(COLLECTED DATA Opens)
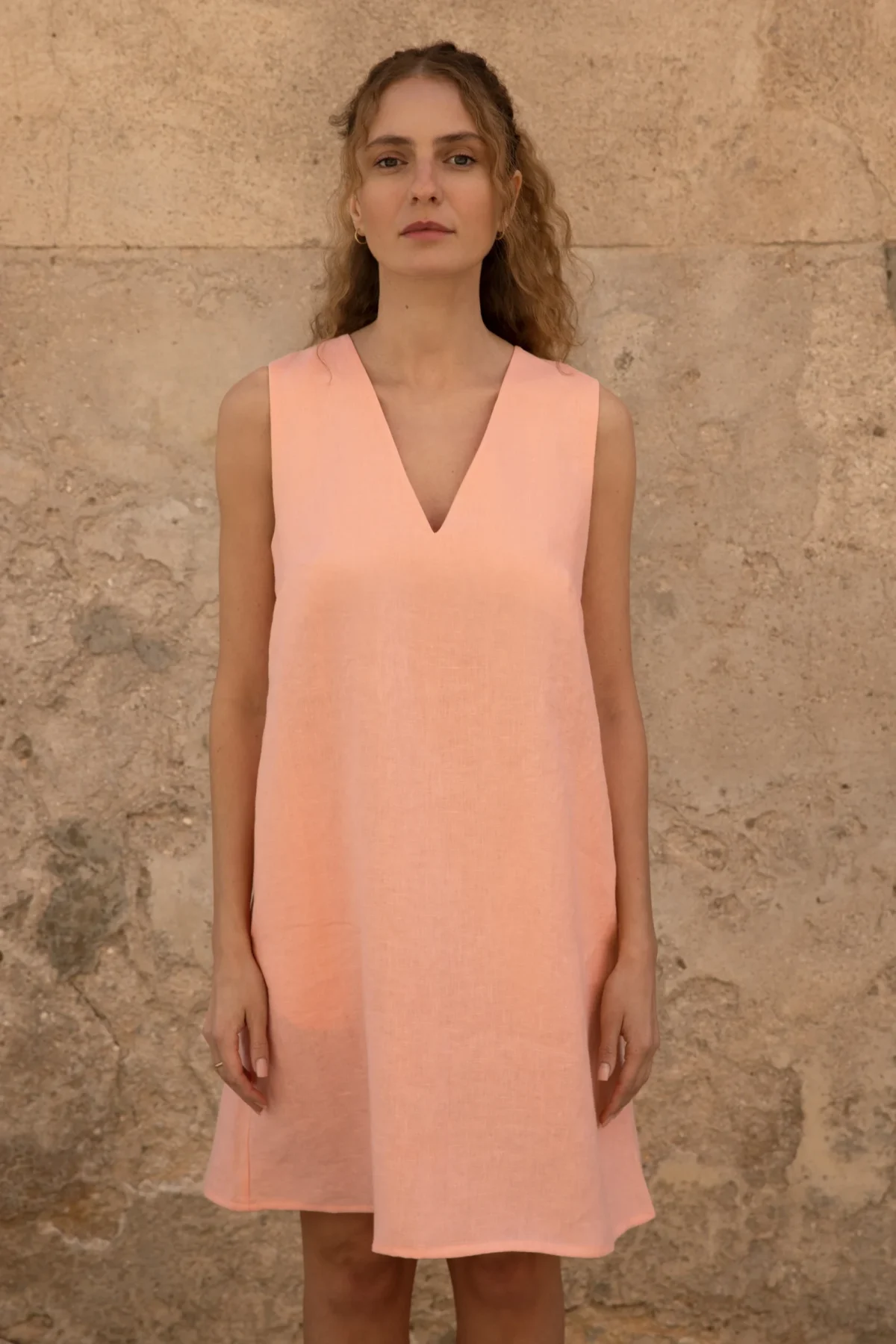 Lniana sukienka Mini V Harmony - Peachy Rose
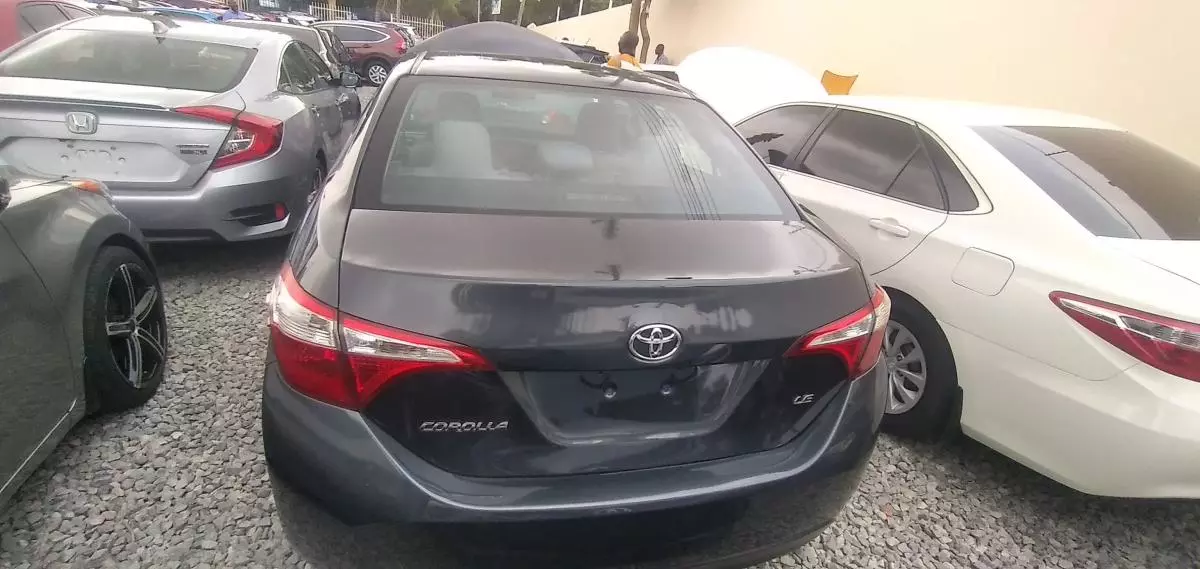 Toyota Corolla - 2016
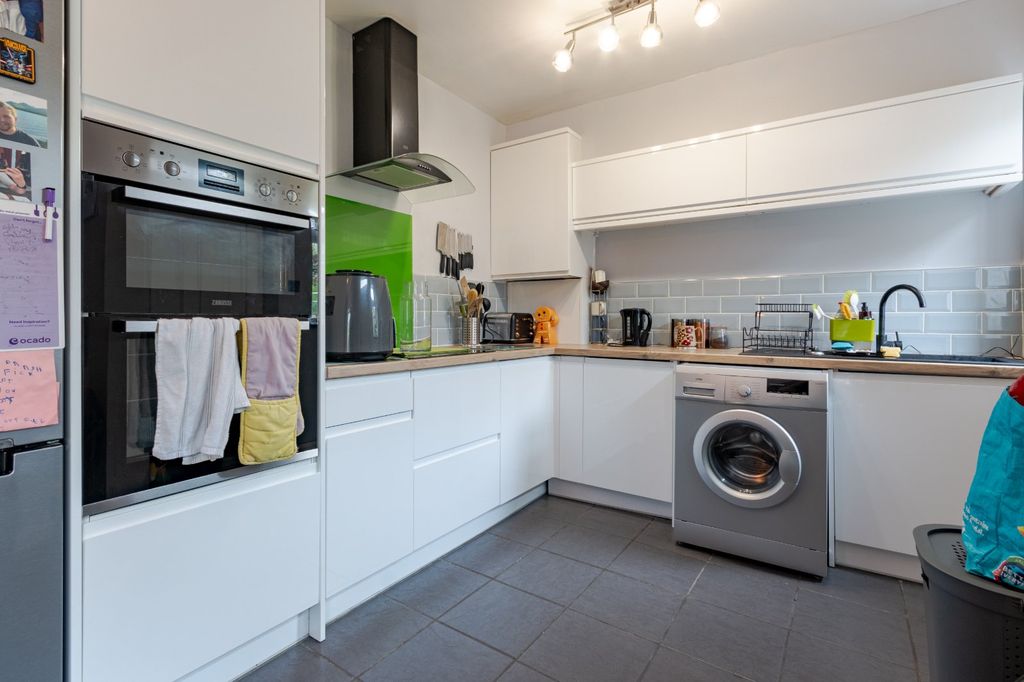 Property photo 3 of 16 Picture No. 02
(COLLECTED DATA Closes)
▶ _EXERCISE PROMPT_
The listing above is to be retyped exactly, with all pictures left out.

▶ _WRITTEN REPLY_
 Lniana sukienka Mini V Harmony - Peachy Rose
 Toyota Corolla - 2016
 Property photo 3 of 16 Picture No. 02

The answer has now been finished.